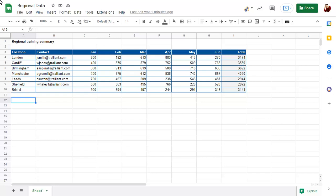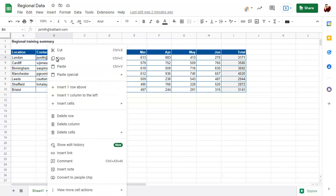Any email address in Google Sheets can be converted to a PeopleChip. Right-click over the email address, then choose Convert to PeopleChip.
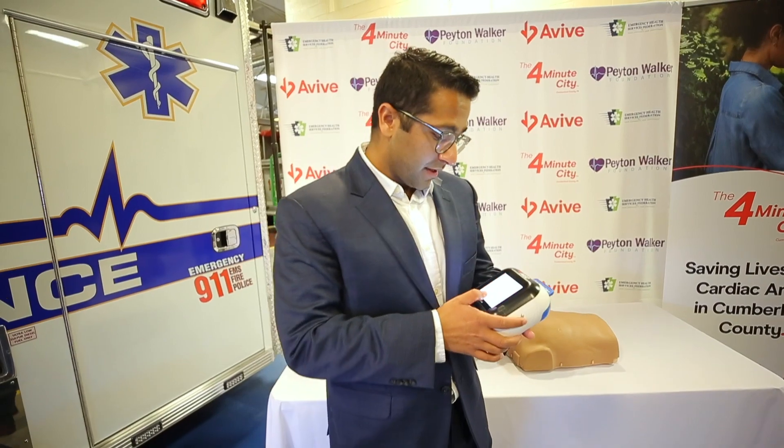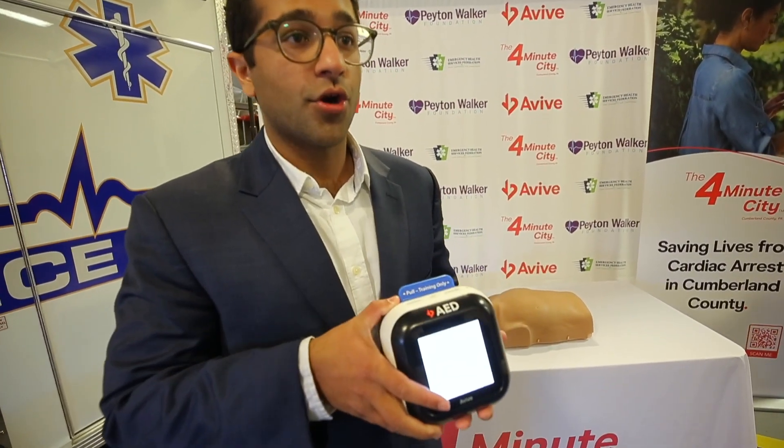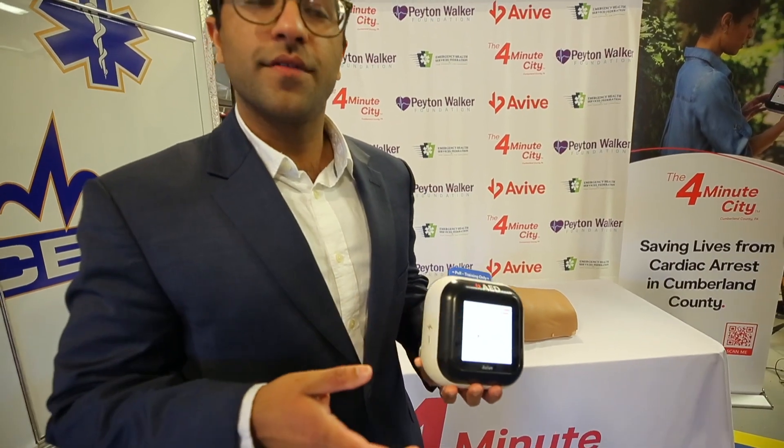This red alert on any nearby AEDs would show up, and if someone were to accept the alert — say it's in your car, your home, or at a restaurant and you happen to hear the alert go off — you accept it and you'd have Google Maps taking you from your current location to the location of the patient.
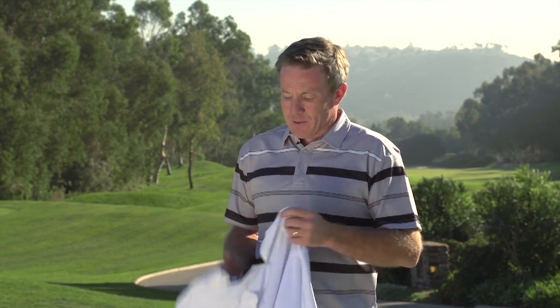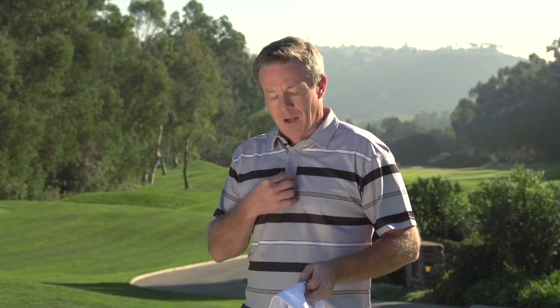Hey, this is a product review brought to you by Golf Life. We got sent some great products by Sub 70 and we're going to talk about them here.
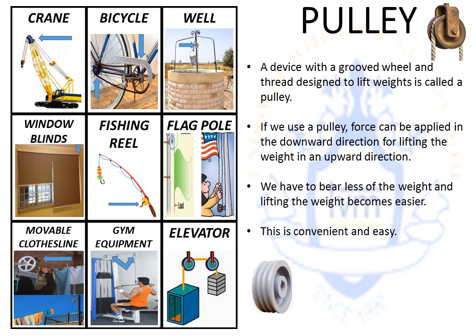It's convenient and easy to use a pulley. Several examples of a pulley are mentioned in the pictures: cranes, bicycle chains, wells, window blinds, fishing reels, flag poles, movable clotheslines, gym equipment, and elevators are some of the examples that use a pulley.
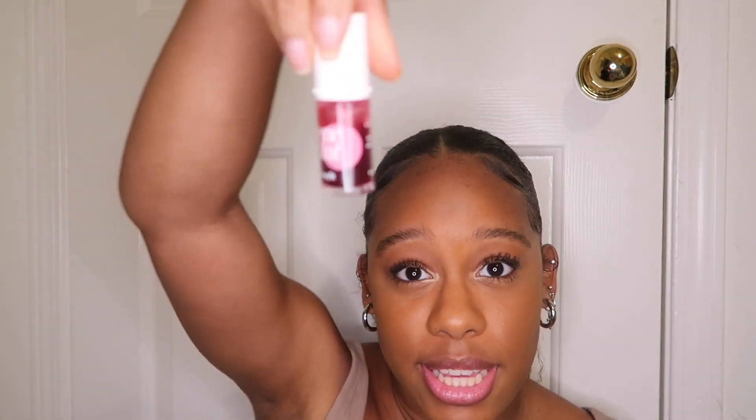This is the Benefit Benetint blush — it's like a liquid blush. You can also use it to tint your lips. I like to take the little applicator, put it on a brush, and apply it to my cheeks.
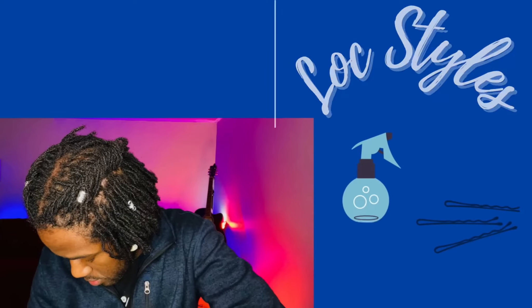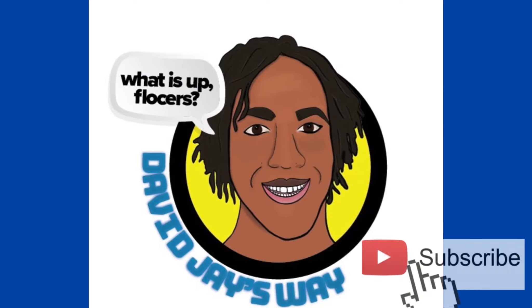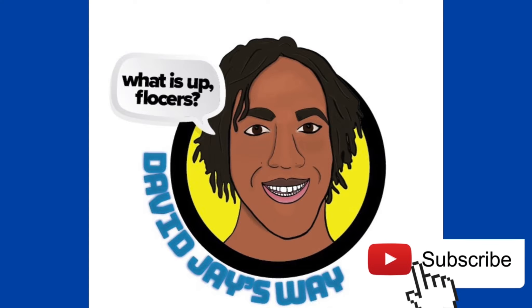What is up flockers – my fellow lockers and aspiring lockers. Have your locks ever been super dry, crusty, dusted, and busted and you're wondering how can I moisturize my locks? What should I be using to get them to feel softer and not so crunchy? Stick around because I'm going to be showing you my most current updated moisturizing routine.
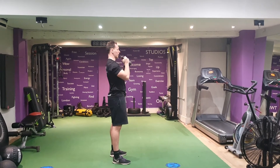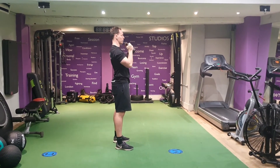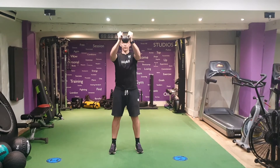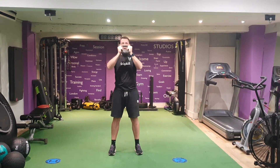Full extend, making sure we're not locking out the elbows. Nice and smooth. Feet shoulder width, squeezing the glutes and the core, breathing out as I extend my arms.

**What you are asked to do**
Copy nothing but the lines from the line holding "This is the" through the last line of the entries, exactly, while leaving out the pictures.

**Answer box**
This is the Benefit Benetint blush — it's like a liquid blush. You can also use it to tint your lips. I like to take the little applicator, put it on a brush, and apply it to my cheeks.
What is up flockers – my fellow lockers and aspiring lockers. Have your locks ever been super dry, crusty, dusted, and busted and you're wondering how can I moisturize my locks? What should I be using to get them to feel softer and not so crunchy? Stick around because I'm going to be showing you my most current updated moisturizing routine.
Full extend, making sure we're not locking out the elbows. Nice and smooth. Feet shoulder width, squeezing the glutes and the core, breathing out as I extend my arms.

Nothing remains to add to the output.